Swyx on SpaceX's quietly brilliant AI business model
Swyx floated a take worth sitting with: SpaceX has already recouped roughly half its investment in Cursor through compute deals alone, with the other half covered if xAI's Composer 3 performs well. His broader point is that no other player is simultaneously a leading model lab and a GPU cloud provider, and that combination is unusually capital-efficient if you've planned your GPU supply correctly for both the "training goes great" and "training doesn't go great" scenarios. ---
Why it matters: The standard framing is that AI infrastructure is expensive and risky. SpaceX appears to be running an arbitrage where funding developer tools pays for its own compute costs. If that math holds, it's a structural advantage that pure-play clouds and pure-play model labs don't have.

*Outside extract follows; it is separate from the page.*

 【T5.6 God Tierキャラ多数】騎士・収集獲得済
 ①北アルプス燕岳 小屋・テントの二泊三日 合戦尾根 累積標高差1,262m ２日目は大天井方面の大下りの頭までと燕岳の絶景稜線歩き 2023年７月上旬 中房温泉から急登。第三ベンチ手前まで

Quick hit: OpenAI's Thibault Sottiaux on Patch The Planet
Thibault Sottiaux, who works on Codex at OpenAI, celebrated the cybersecurity launch with a post linking to the full announcement. More signal than substance on its own, but the 1,386 likes suggest the security community is paying closer attention to this than most OpenAI releases. ---
Peter Yang posted a thread about the mechanics of viral ragebait content, specifically how clipping the most inflammatory moment of any conversation and spreading it out of context causes real harm even when the viewer knows it's manipulative. He mentions the Corgi founder clip as an example. The post is less about AI and more about platform dynamics, but Yang's point that "if even one parent watches this clip and decides to neglect their kids more, the damage is done" captures something honest about how information spreads at scale.